Airbus CEO Fabrice Bregier intends to double the company's current market share in Japan by 2020, posing further challenge to US rival Boeing that has recently suffered a multi-billion dollar contract loss in the country.
The European aircraft manufacturer will increase its market share to 25% from the current 13% in the next seven years, Bregier said in a speech at the 15th Nikkei Global Management Forum in Tokyo.
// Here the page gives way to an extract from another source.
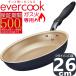 �y500���ۏ؁zEGFP26NV �G�o�[�N�b�N �t���C�p�� 26cm �K�X�ΐ�p 500���ۏ� | �h�E�V�V��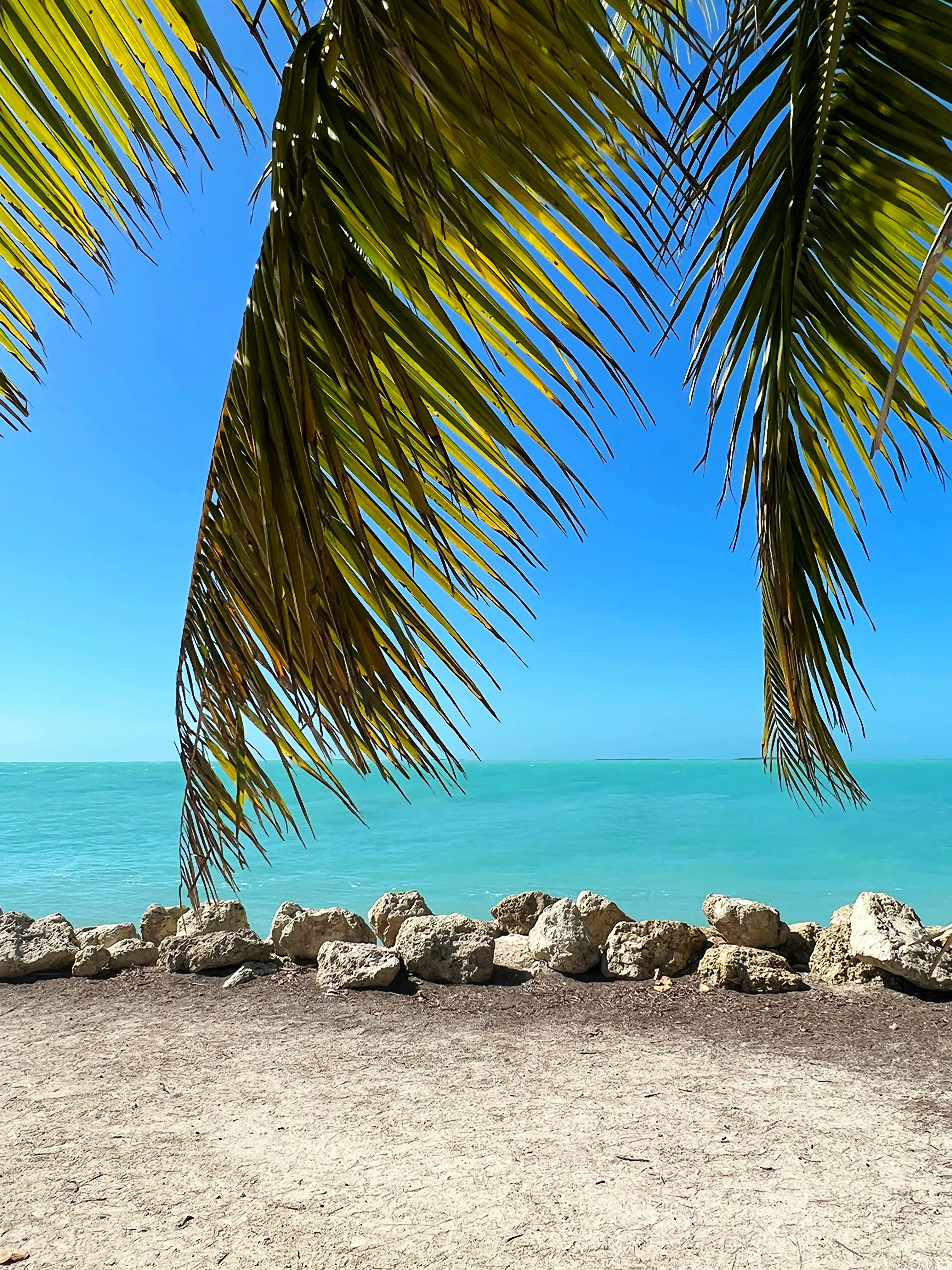Florida Gulf Coast beach with turquoise water and palm trees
In the next 20 to 25 years, Airbus aims at a market share of 50%.
The company looks to capitalise on the rising demand for commercial aeroplanes from the Asian markets.
"Asia will be center stage for our business in coming years," Bregier said at the forum, adding that Airbus is focusing on "the importance of getting close to growth markets."
Airbus is successfully expanding its operations in China, Bregier said. The company will increase its market share in China to 50% next year from 30% in 2005 and 5% in 1995.
Politics and Aircraft Orders
Bregier added that politics can influence aircraft purchases by carriers in Japan.
"It is clear the political environment has some influence on business as we can see here in Japan, or in Europe and the United States," Bregier said in his speech.
Two weeks before, Airbus won a multi-billion-dollar order from Japan Airlines (JAL) for the first time, ending decades-long monopoly of rival Boeing in the Japanese commercial aeroplane market. The US aircraft maker had been boasting of an 80% market share in Japan.
JAL has ordered 31 A350 planes valued at about $9.5bn (£5.9bn, €7bn) at list prices. Bregier said the JAL order was based on business concerns.
Japanese airlines including the biggest ones, All Nippon Airways (ANA) and JAL, had been relying heavily on US-based Boeing for their aircraft needs. While Boeing jets constitute 78% of JAL's fleet of 214 planes, they make 84% of ANA's fleet of 238 planes.
Taking advantage of Boeing's recent troubles with its jets, Airbus has been pushing its aircraft models, especially the profit-making long-haul jets, in the Japanese market. Its market share in Japan increased steadily as low-cost carriers chose to lease its planes.